The Treasury published UK Real Estate Investment Trusts: a discussion paper and said the Government "is committed in principle to reforming the taxation of property investment".

It added: "The consultation has enabled the Government to better define the key features of a potential UK-REIT model that allows for market flexibility. The paper also raises some challenging issues in designing the tax treatment for a model that meets both the needs of the UK property investment market and the Government's objectives for a UK-REIT.

"The Government will therefore engage in further dialogue with industry representatives. Subject to finding a workable solution that meets the stated objectives, including reform at no overall cost to the Exchequer, the Government aims to legislate for a UK-REIT in Finance Bill 2006."

Grant Thornton said that while the abolition of the Stamp Duty Land Tax disadvantaged areas relief was a disappointment, the property industry "breathed a collective sigh of relief" when it emerged that UK REITs are "almost certain to be available by Summer 2006".

The firm listed the key structural features of the proposed funds:

  • "can invest in any type of property in any location
  • must be focused on traditional property investment activities; profits from the property letting business will be ring-fenced from business activities carried on within a property which will be taxed in the normal way
  • must have a minimum of 75% gross income from property rents and at least 75% of gross assets must be invested in properties generating rental income
  • must distribute a minimum of 95% of income but income will be calculated after interest, certain other expenses and capital allowances
  • will not be required to distribute gains which means they can be reinvested or used to pay down debt
  • will probably be tax exempt but investors will be taxed on distributions as income at their marginal income tax rate '
  • will be required to withhold 22% tax from their income distributions
  • will pay Stamp Duty Land Tax in the normal way on their property transactions whilst investors will pay 0.5 per cent Stamp Duty Reserve Tax on the purchase of shares"

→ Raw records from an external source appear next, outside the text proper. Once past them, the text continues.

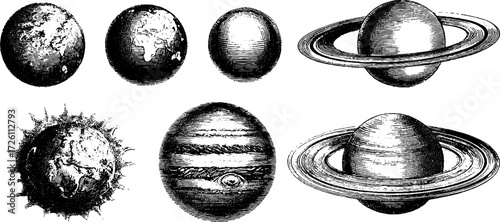 Vintage sketch of planetary alignment with textured earth and saturn - retro design for engraving and silhouette art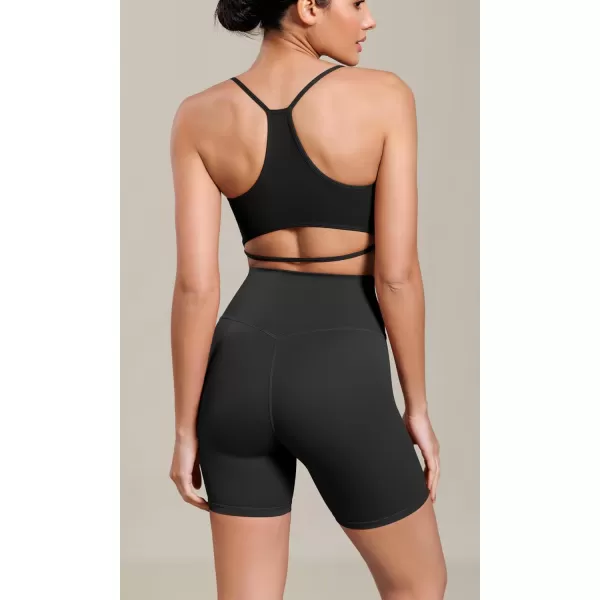 ODODOS Cloud Feeling Cross Waist Yoga Shorts for Women 6quot Crossover High Waist Lounge Biker ShortsOnyx Black Grey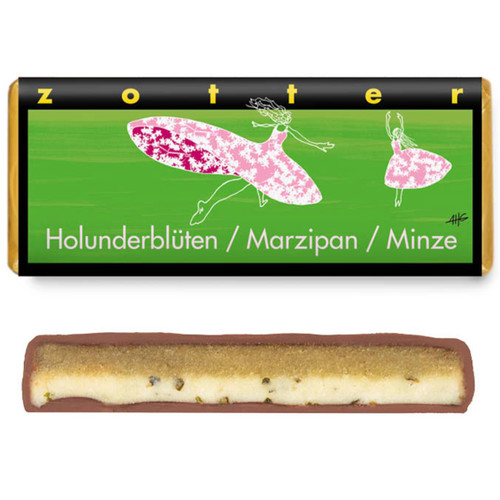 Zotter Elderflower, Marzipan, Mint 70g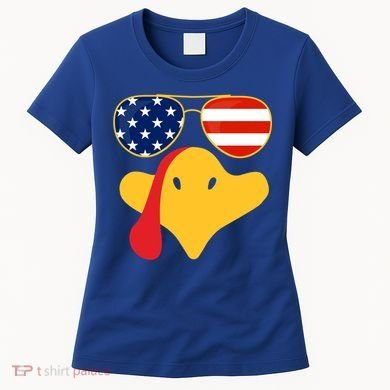 Thanksgiving Turkey Face With Usa Flag Glasses Gift Women's T-Shirt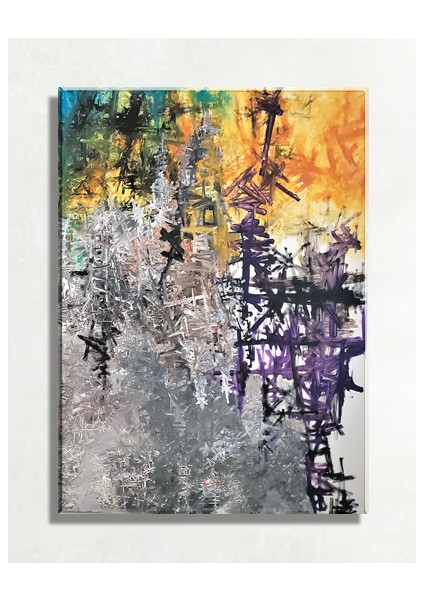 Şehrin Sesi Soyut Yağlı Boya Reprodüksiyon Kanvas Tablo TBL1581 (35X50 Cm)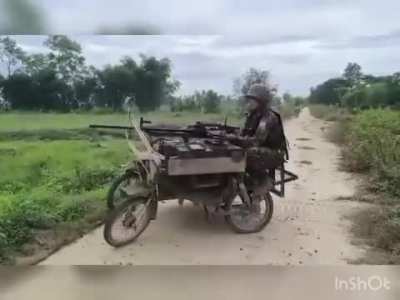 Myanmar/Burma Junta Army machine gun mounted motorcycle squad firing at Arakan Army (AA)positions near Sittwe, the capitol of Rakhine State [2/2025]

Marion Cane, director of Grant Thornton's London property team, said: "This is good news and more than we were expecting to hear after the omission in the Pre-Budget in December 2004 and this should allow enough time to prepare for a launch in Summer 2006.

"Ominously, there was no mention of the issue of a conversion charge. We expect a charge will be introduced, and the level set will be crucial to driving market demand for UK REITs. Without existing property groups coming on board, the new regime will struggle to achieve critical mass. In addition, a number of other key issues still need to be resolved."

Chiltern's associate director Hira Sharma welcomed the consultation and said the case for a UK REIT "has already been well made by the property industry and it is compelling".

Sharma added: "We consider that a UK REIT, properly structured, would be capable of offering increased liquidity in what is generally regarded as an illiquid market; transparency as regards disclosure of operating performance; tax neutrality at the REIT level; enhanced cash flows and dividend yields; and better access to public markets and capital.

"All of these factors will help in further enhancing the attractiveness and significance of real estate as an asset class. We note that the Government wishes to introduce REIT legislation on the basis that it will not result in any overall additional cost to the Exchequer and hope that this requirement will not result in the development of a REIT regime that proves unduly expensive or burdensome."